There are usually multiple factors causing one to become homeless. It becomes a cycle which becomes more and more difficult to escape.
Housing and employment assistance are frequently targeted for addicts and alcoholics. A very high percentage of the poor & homeless are dealing with a mental illness.
The homeless are 16 times more likely to be shot by the police.
A criminal record, especially a felony, disqualifies you for virtually all housing and employment.
Once an individual or family becomes homeless, it is extremely difficult to break the cycle.
Being homeless becomes a full time effort. You stand in line for food, for a shower, and for a night of shelter. Without a home, individuals have no phone number and address to apply for employment or to receive assistance checks, continuing the cycle. If an affordable apartment can be found, the start up costs are prohibitive to someone who is unemployed or under employed. Deposits and first month’s rent can add up to $1,700+ to move in. The rental application itself costs $40 just to get you on the waiting list. And most subsidized housing lists are closed .

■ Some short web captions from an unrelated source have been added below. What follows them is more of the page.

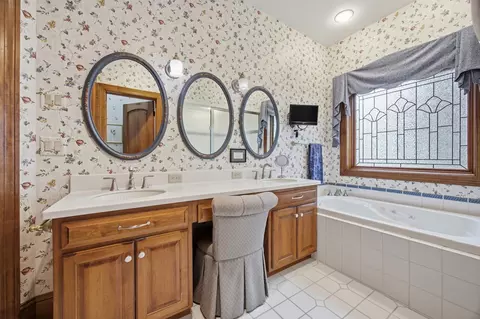 Bath - 526 24th Ave S, Fargo, ND 58103 photo 1 of 5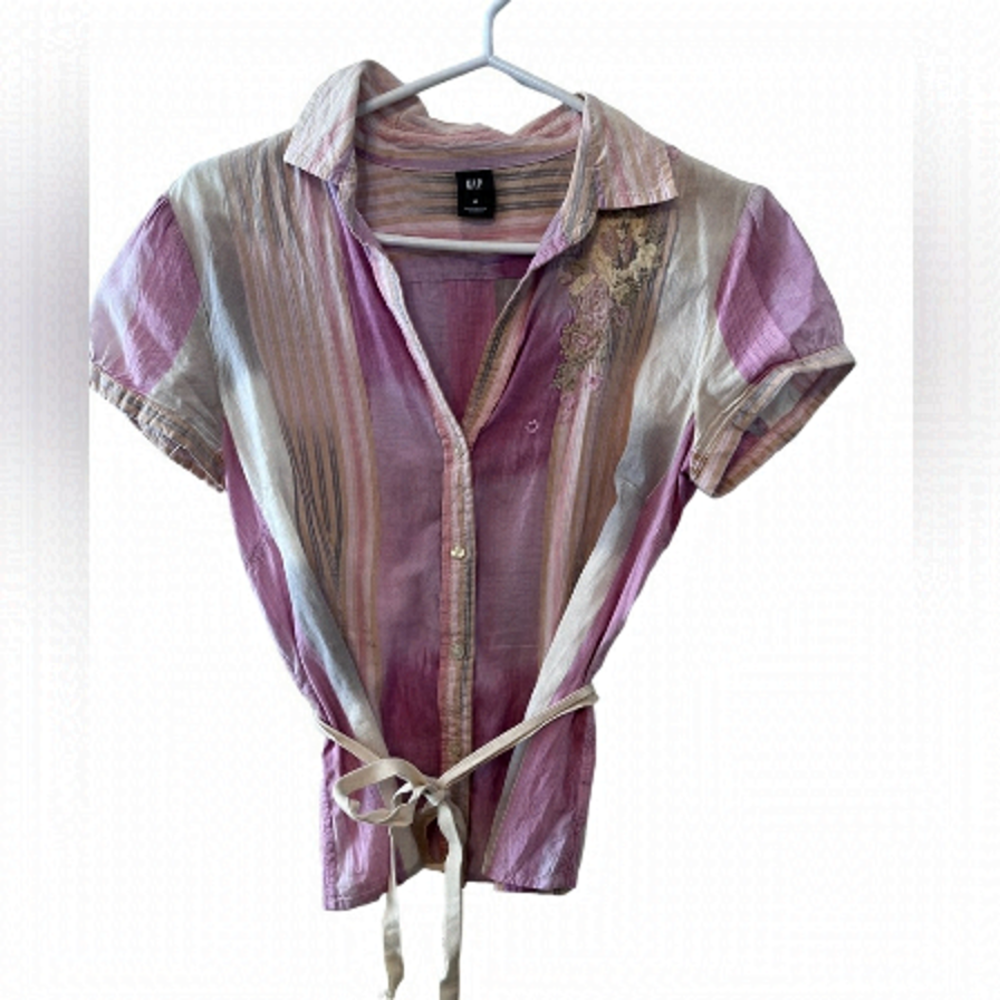 Gap Short Sleeve Pastel Button Blouse With Tie
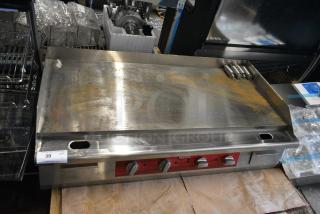 BRAND NEW SCRATCH AND DENT! Avantco Stainless Steel Commercial Countertop Flat Top Griddle w/ Thermostatic Controls.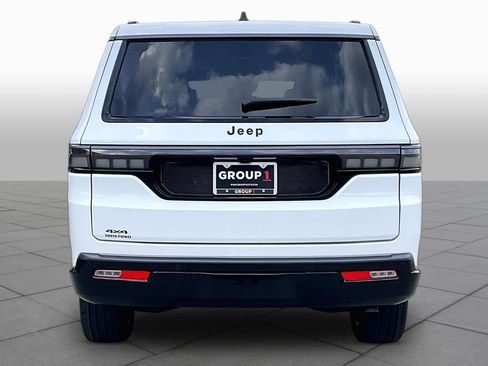 New 2026 Jeep Grand Wagoneer L Limited AWD/4WD image 4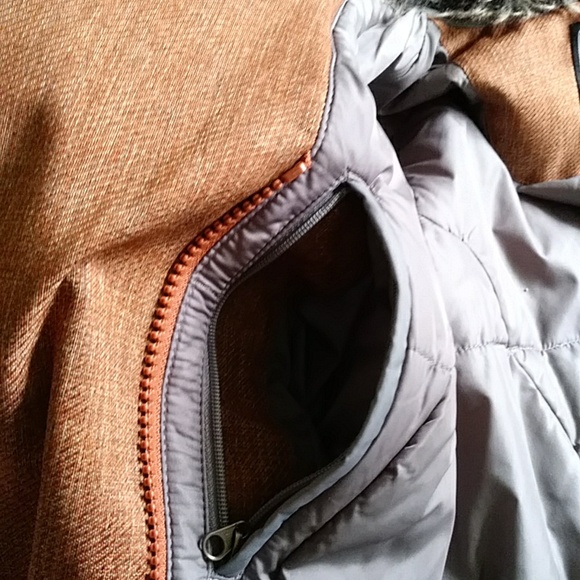 North Face primaloft jacket. - Picture 14 of 16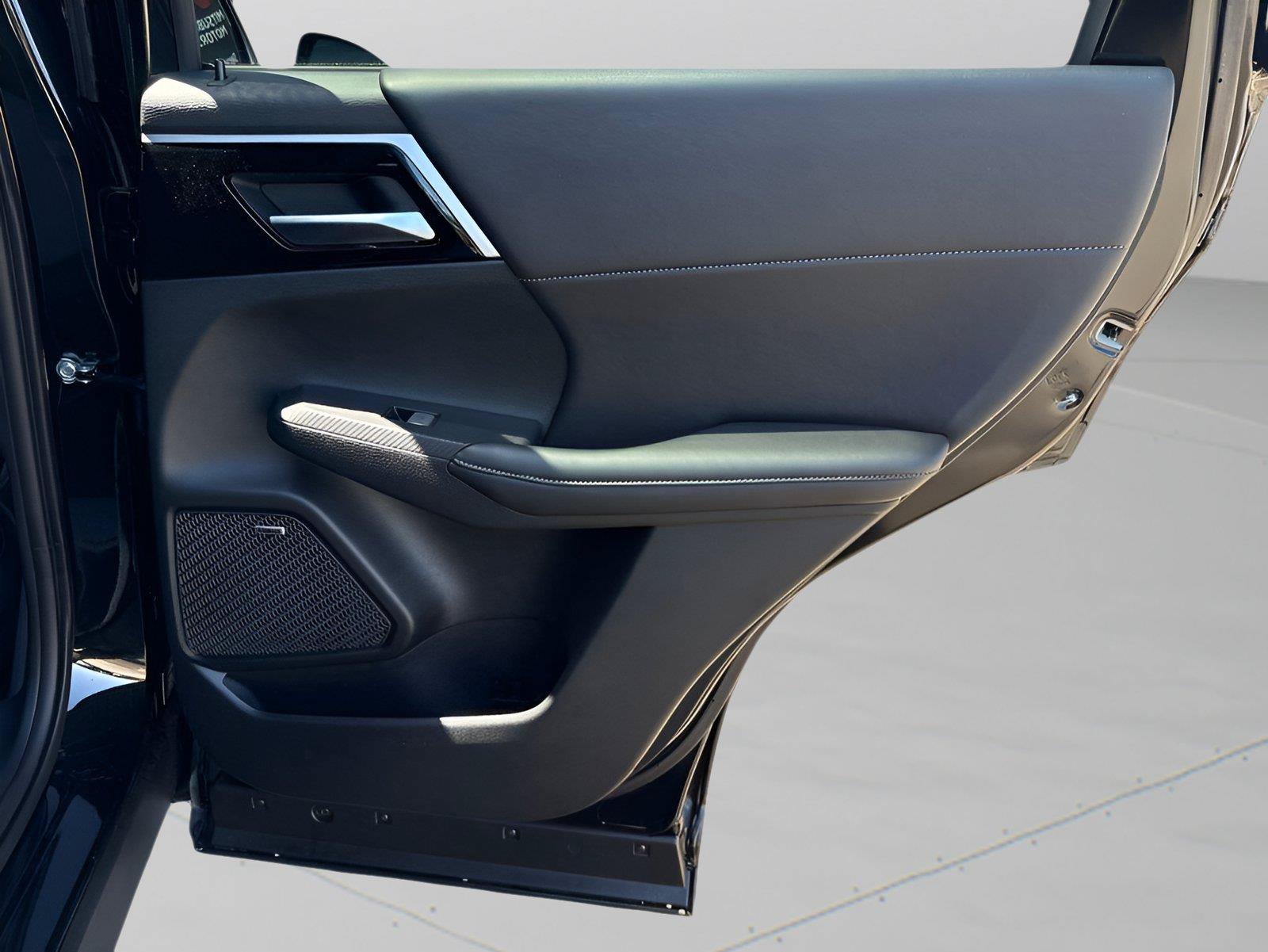 New 2026 Mitsubishi Outlander LE FWD image 31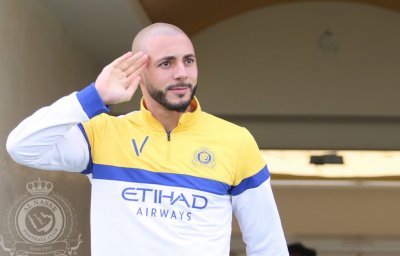 امرابط باق مع النصر لموسم اخر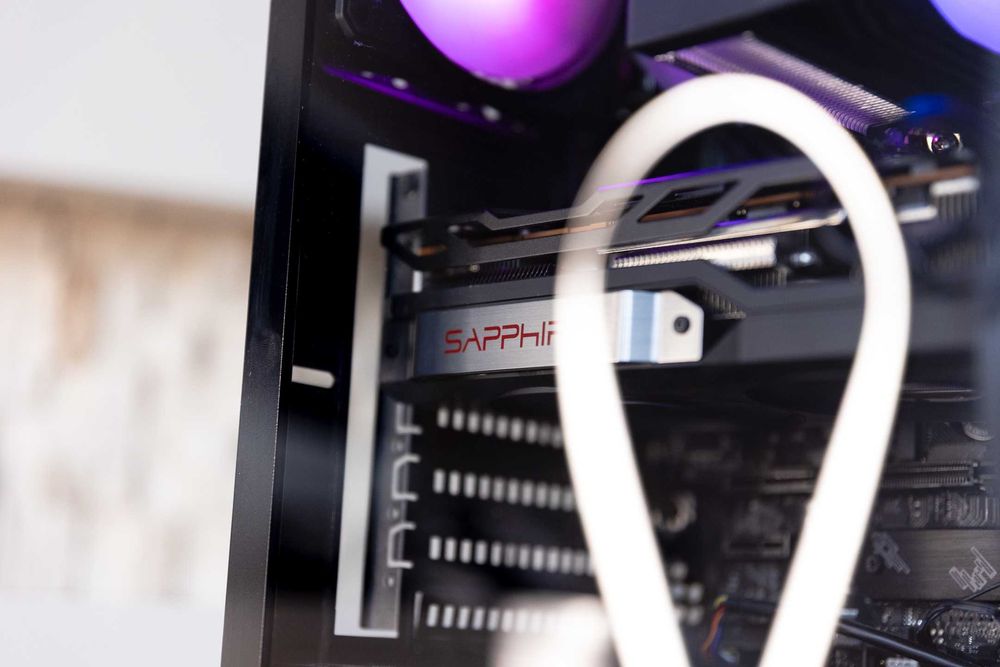 Komputer gamingowy, Ryzen 7 5700X, Sapphire RX 6800.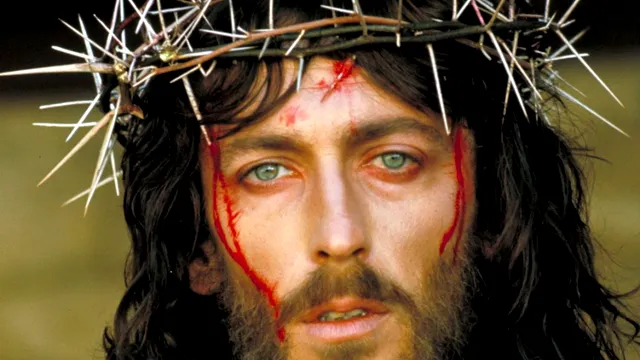 Cum se scrie corect Isus sau Iisus. Ce semnificaţie are numele Mântuitorului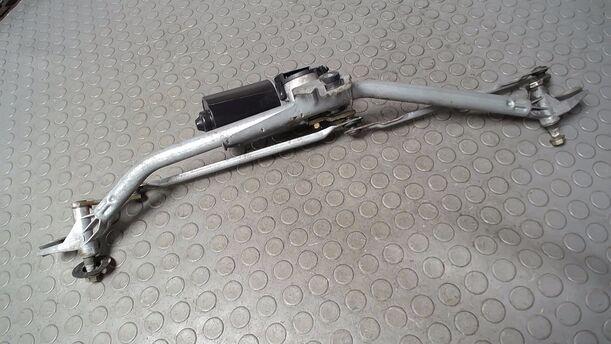 Foto: SCHEIBENWISCHERMOTOR VORN eines VW Passat Variant 1.9 TDI Style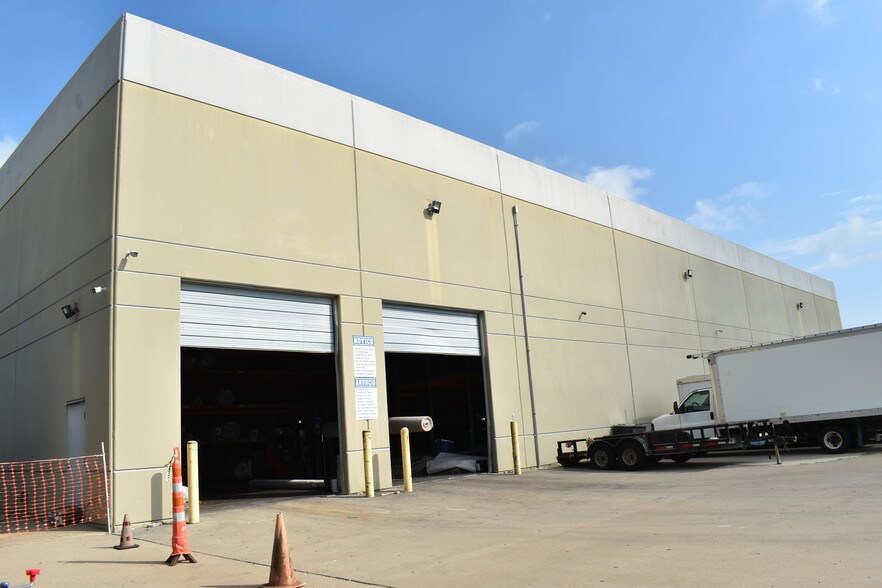 More Photos Of 2501 Mayes Rd, Carrollton Warehouse For Lease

There are temporary shelters, but even the shelters have waiting lists, especially for women. Being on the streets, even staying in night shelters, is dangerous; one feels insecure.
King and Hunter say that our society criminalizes poverty. Our judgements and assumptions keep people down.
This moving presentation gave participants an opportunity to discuss homelessness and walk in the shoes of someone who has experienced it. This is one step towards the understanding it will take to address the problem.